Oxford’s Lady Margaret Hall (LMH) will host this year’s annual general meeting of the Society of Homeopaths on 18 March, in the face of criticism from scientists and sceptics.

Though the Society of Homeopaths is accredited by the UK Professional Standards Authority, homeopathy has been widely questioned by the wider scientific community. In a 2010 report by the House of Commons Science and Technology Select Committee, the practice was described as “scientifically implausible”.

The National Health Service website states: “There is no good-quality evidence that homeopathy is effective as a treatment for any health condition.”

Project Director of the Good Thinking Society, Michael Marshall, told Cherwell: “Given that homeopathy has been comprehensively demonstrated to have no beneficial effect for any health condition, it is the very antithesis of the kind of intellectually-rigorous ideas one would expect to see promoted within a university as prestigious as the University of Oxford.”

The Good Thinking Society is a non-profit organisation aiming “to promote science and challenge pseudoscience.” It ran a successful campaign to stop NHS funding of homeopathy by Clinical Commissioning Groups (CCGs) in Liverpool. In September, the organisation criticised the Charity Commission for refusing to deregister homeopathy groups.

In regards to Lady Margaret Hall’s hosting of the annual general meeting, Mr Marshall commented: “Nobody is calling for Lady Margaret Hall to stop accepting bookings for external events altogether, or even to accept only the events which explicitly align with their ethos; they should, however, enforce a policy that ensures they are not inadvertently lending their name to disproven and potentially dangerous quackery.

“Such a policy would not be incompatible with free speech. The Society of Homeopaths’ event is hardly an open public forum of debate or exchange of ideas, it is a £60-per-head AGM of an industry body which promotes pseudoscientific ideas on health, where contrary evidence simply won’t be heard.”

A spokesperson for Lady Margaret Hall told Cherwell: “Lady Margaret Hall, in common with many universities and colleges, occasionally rents space for other organisations to meet and for private conferences. This is a purely commercial arrangement. The act of renting space and providing food or accommodation to a group – whether it is a business or charity – obviously does not imply that LMH in any way endorses the organisation. We do not lend it ‘credibility.’ The income from this hospitality business is important to the College to sustain its academic activities.

“It is impractical to cancel the booking for the Society of Homeopaths.
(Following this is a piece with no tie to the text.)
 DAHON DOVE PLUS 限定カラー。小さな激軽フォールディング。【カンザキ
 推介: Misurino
The Principal of LMH, Alan Rusbridger, is happy for our governing body to re-examine our approach concerning the hospitality wing of the College and see whether it needs revising in the light of concerns, but also taking into account the erosion of free speech on university campuses.”
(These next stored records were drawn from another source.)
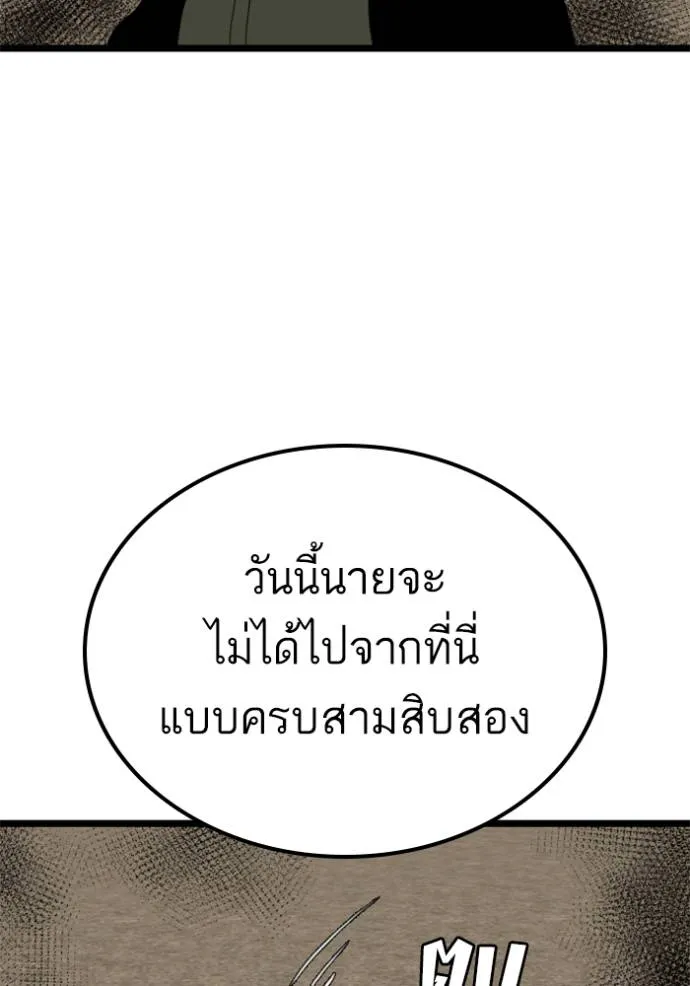 Bad Guy 234 035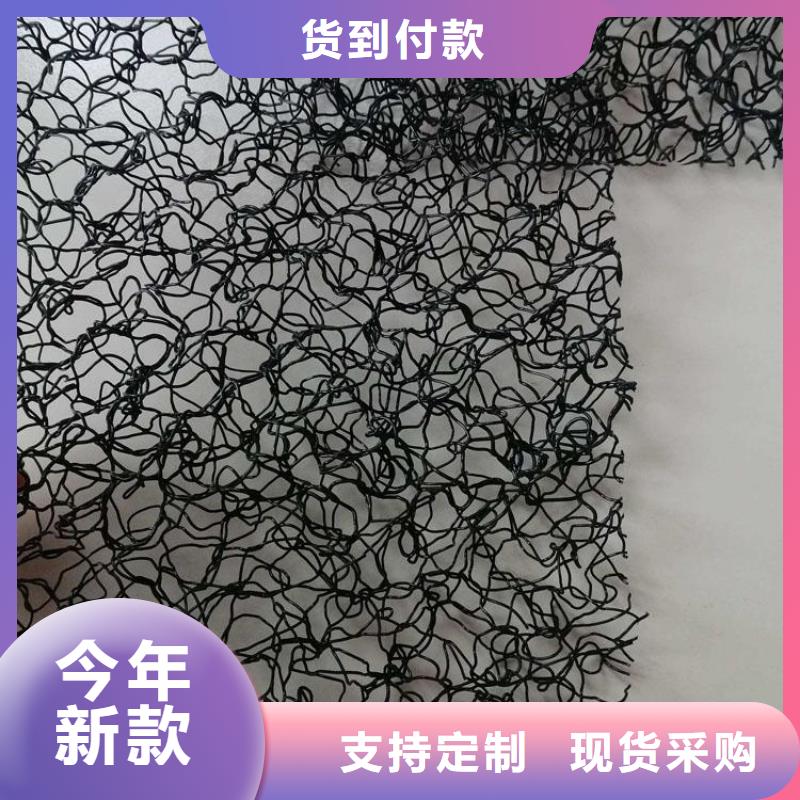 水土保护毯,HDPE土工膜做工细致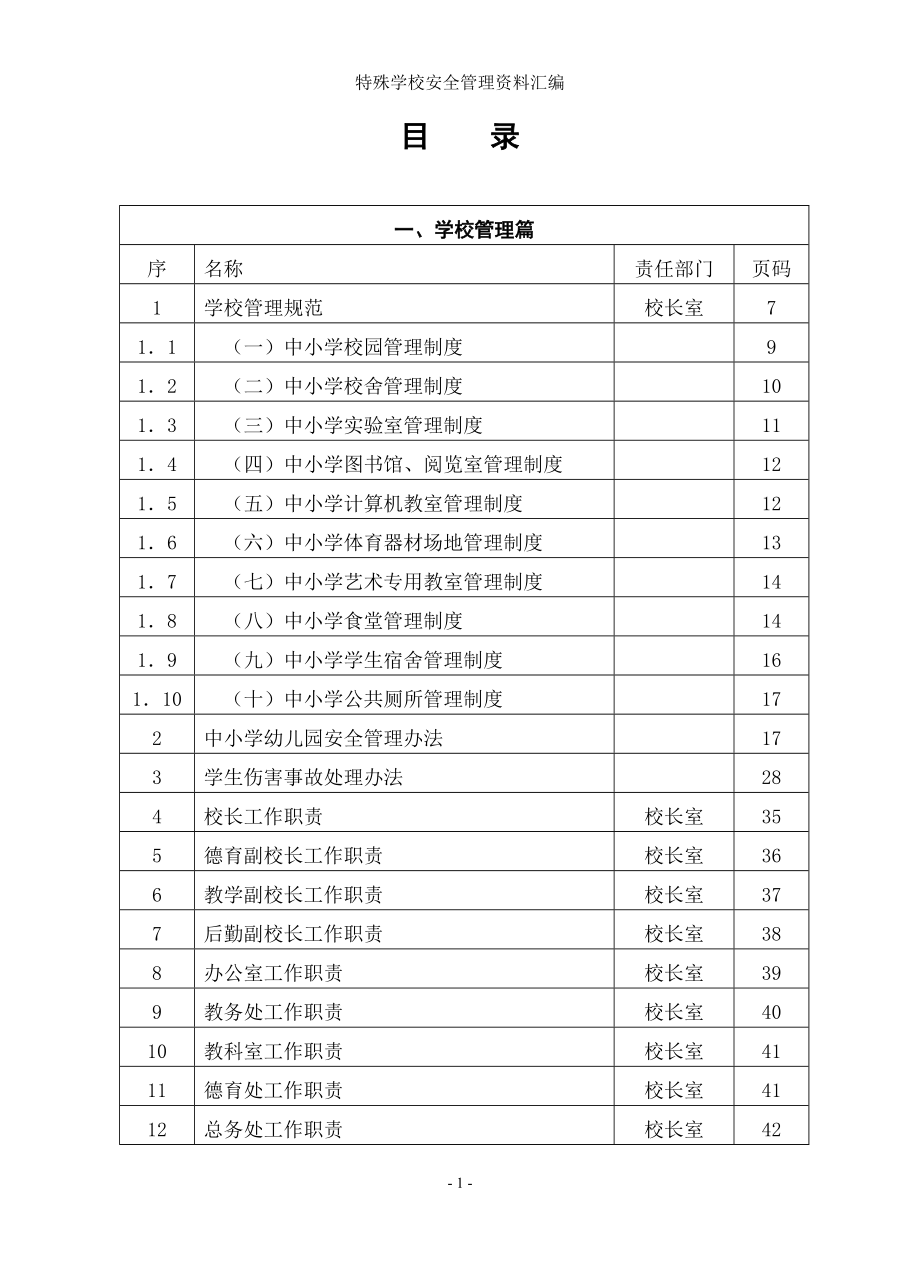 特殊学校安全管理资料汇编参考范本_第1页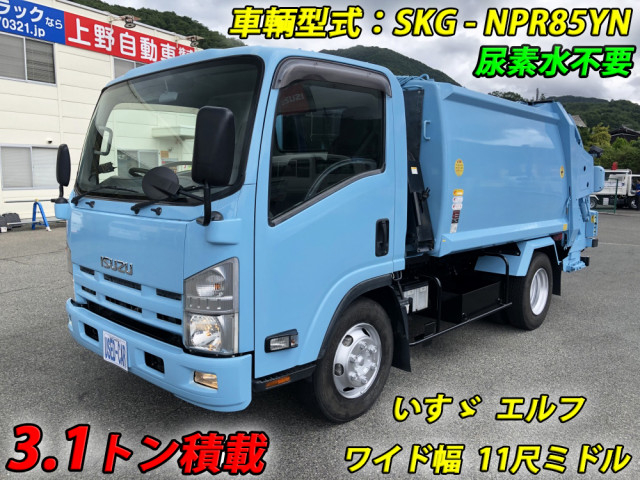 Isuzu elf Small Packer compress trucks SKG-NPR85YN(104225) 1枚目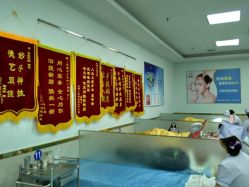 点击看大图 -痘博士广州·全国连锁祛痘机构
The Conservative MP David Tredinnick, who chairs the All-Party Parliamentary Group for Integrated Healthcare, told Cherwell that homeopathy “is a well-established health system whose doctor’s are regulated by the Faculty of Homeopathy Act 1950 and the General Medical Council, and the Society of Homeopaths accredited by the Professional Standards Authority since 2015”.

He said: “I understand that Principal Alan Rusbridger describes Lady Margaret Hall as ‘warm, friendly, inquiring and open’. In that spirit I feel it entirely appropriate for any organisation, including the Society of Homeopaths which is a not-for-profit organisation, to be able to hold an event there.”

Homeopathy was devised by the German scientist Samuel Hahnemann in the late eighteenth century, based on the idea that like could cure like. Homeopaths dilute substances that cause symptoms in alcohol or water, and apply the solution in the hope that it will reverse those same symptoms.

First year medical student Gabriella Maria Kelly commented: “I think we’ve reached a point where there are so many reports by independent institutions around the world that all come to the same conclusion, homeopathy is not effective, or even a ‘dangerous pseudoscience’.

“As much as people may enjoy undergoing homeopathic remedies, I think they should never be used as a substitution for proven, effective medicines.”

The Society of Homeopaths declined to comment.